Como podemos apreciar en el primer caso, está apareciendo en el país un orgullo en detestar a los demás. Es decir, es en el espejo de lo que detesto de donde extraigo una garantía de mi valer. Y ha aparecido, en el segundo ejemplo, un orgullo y un gozo en ser detestado, ya que se interpreta como la confirmación de estar en el buen camino. Es novedoso que nos definamos por lo que detestamos y por lo que nos detesta. Todo esto supone una desvitalización de la democracia, porque como decía Savater, estamos unidos a este mundo y a la vida por cuanto aprobamos, no por nuestra capacidad de detestar.

Por eso podríamos pensar que el riesgo en que nos encontramos es doble: en primer lugar, que este cisma social se disemine a escala micro, y que se instale como factor de división en nuestras familias, en nuestra relaciones de amistad y en nuestros vínculos en general. Pero el segundo riesgo es aún mayor y es el de convertirnos en un país de espíritus pequeños. Tanto el detestar, como el rencor y el resentimiento, son la evidencia de ello. El tamaño de estos sentimientos refleja en forma inversa el tamaño de nuestro espíritu. Estamos inmersos en un clima en el que se utiliza al otro para confirmar una identidad pobre, reactiva, que no tiene la capacidad de trasponer las primeras y más elementales napas de la psicología, que nos enseña que cuando odiamos a un hombre odiamos en su imagen algo que llevamos en nosotros mismos. La capacidad de introspección de estas posturas es asombrosamente nula.

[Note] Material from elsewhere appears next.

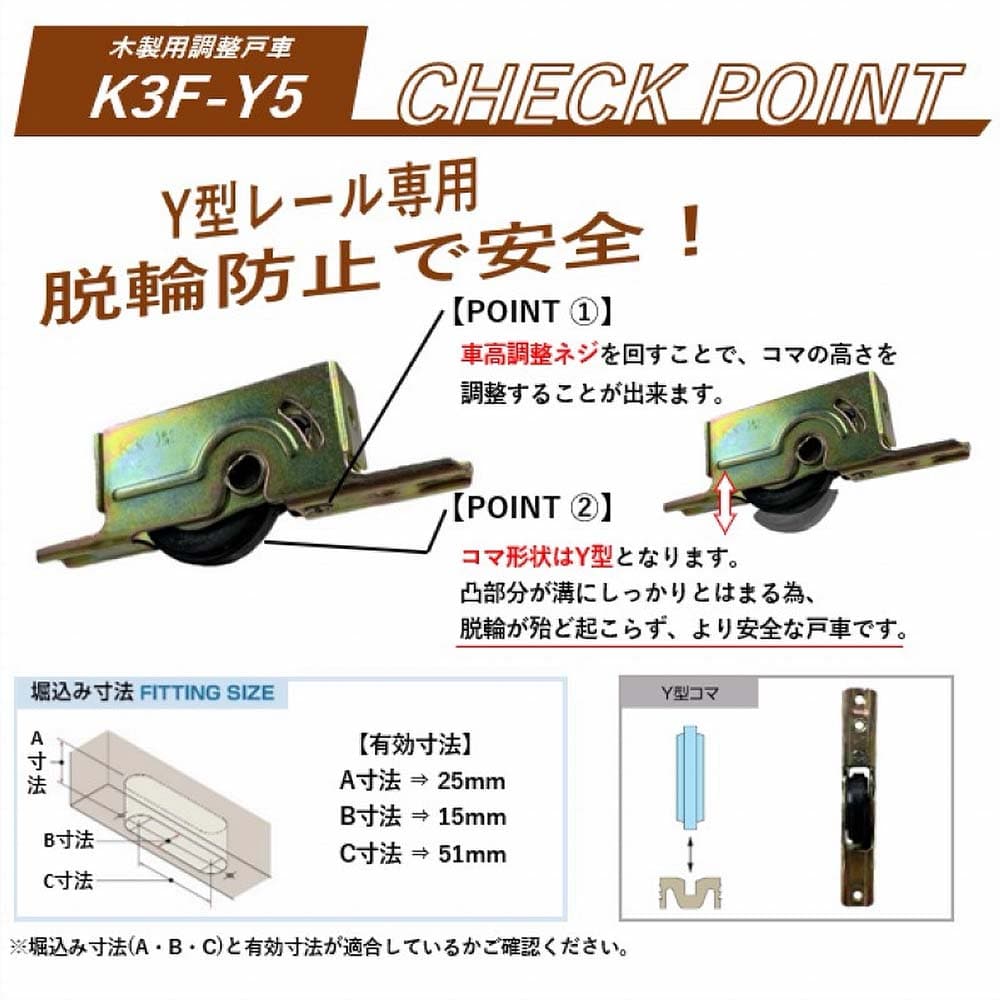 サッシ取替戸車バラ Ｋ３Ｆ－Ｙ５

En realidad, se trata de un odio preexistente en busca de un objeto. El que encuentra con tanta facilidad a alguien para detestar es que ya detestaba de antemano y sólo le faltaba un destinatario. Tener enemigos rotativos no habla de ellos tanto como de uno: es evidente que ocupan un lugar preexistente. Quien tiene constitución rencorosa busca con avidez, y hasta con gratitud, ejemplos a su alrededor que confirmen sus sospechas, blancos para descargar su carga tóxica.

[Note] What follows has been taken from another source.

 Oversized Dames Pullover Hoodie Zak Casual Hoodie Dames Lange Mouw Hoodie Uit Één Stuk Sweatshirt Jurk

Quien ya está resentido utiliza el mundo como la zona de confirmación de su hipótesis constitutiva.

Porque una cosa son las diferencias políticas, aún profundas, y otra es la configuración de una bestia negra enfrente. Lo que se observa en estos tiempos no es una comprobación desapasionada de tener un adversario ideológico, sino el deseo, y hasta la necesidad, de configurar un monstruo que pueda tornarse depositario de lo peor. Vemos lo fácil como ambas posturas se califican de nazis, y como de los dos lados se ha usado la palabra veneno para describir la esencia del otro.

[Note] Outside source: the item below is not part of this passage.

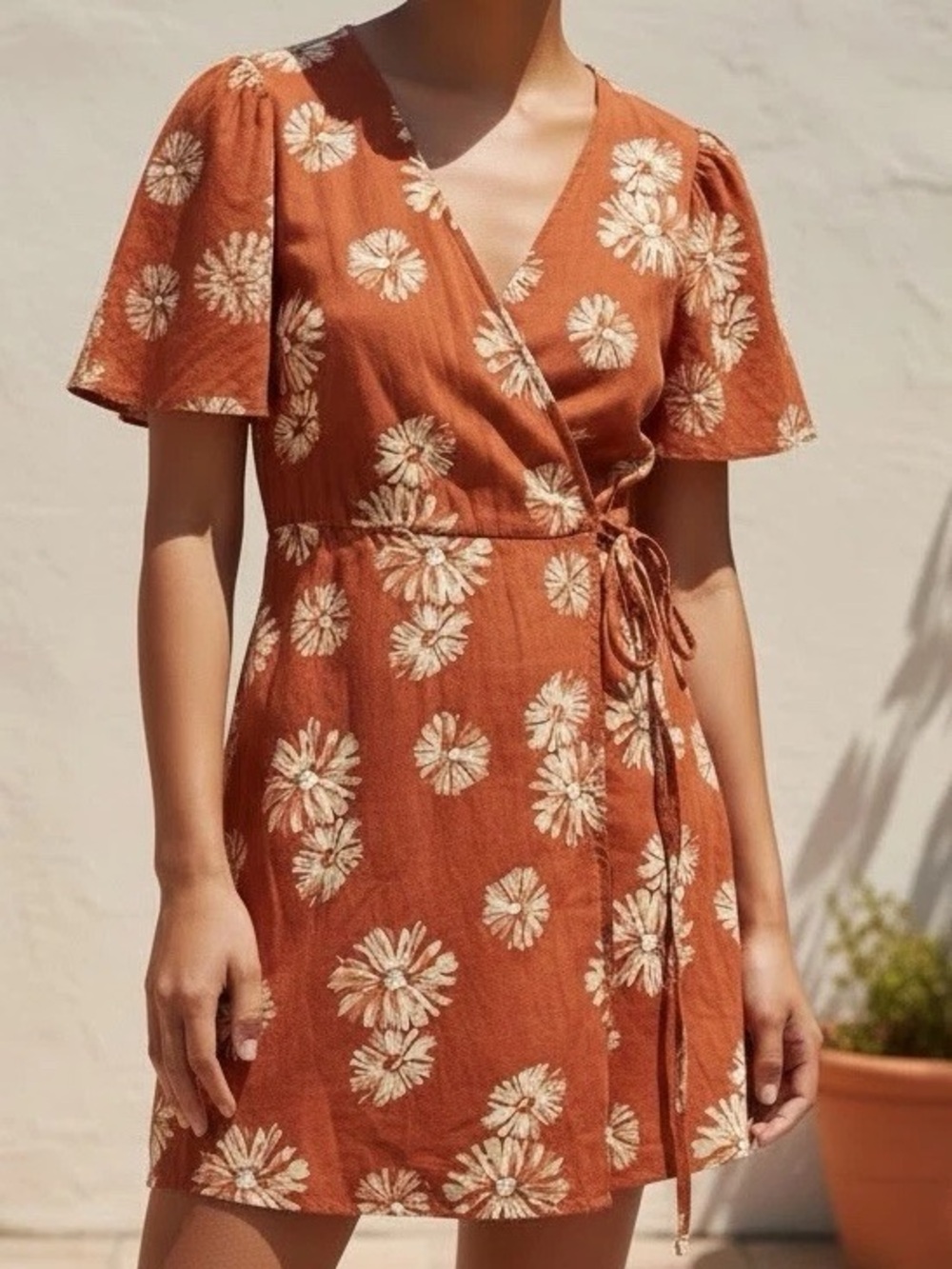 Madewell Rust Orange Daisy Wrap Mini Dress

Pero volviendo al inicio, que la palabra pueda circular libremente no quiere decir que no esté obstruida. Lo que desobstruye a la palabra es la escucha. Para escuchar, a su vez, hay que abandonar la pretensión de residir en la verdad. Todos los inquilinos de la verdad han sido tradicionalmente peligrosos. Hay que resistir la tentación de considerarse habitante de ese espacio, porque de allí a ejercer, desde el pináculo de la historia, una evangelización del resto, hay un solo paso. Por el contrario, necesitamos debate genuino, más propuestas de política pública, acceso a la información, y convertir lo público en algo efectivamente público. Nuestra sociedad debería poder movilizarse nuevamente a través de la palabra, cosa que se torna posible y adquiere sentido cuando es bi-direccional, cuando es genuinamente intercambiada.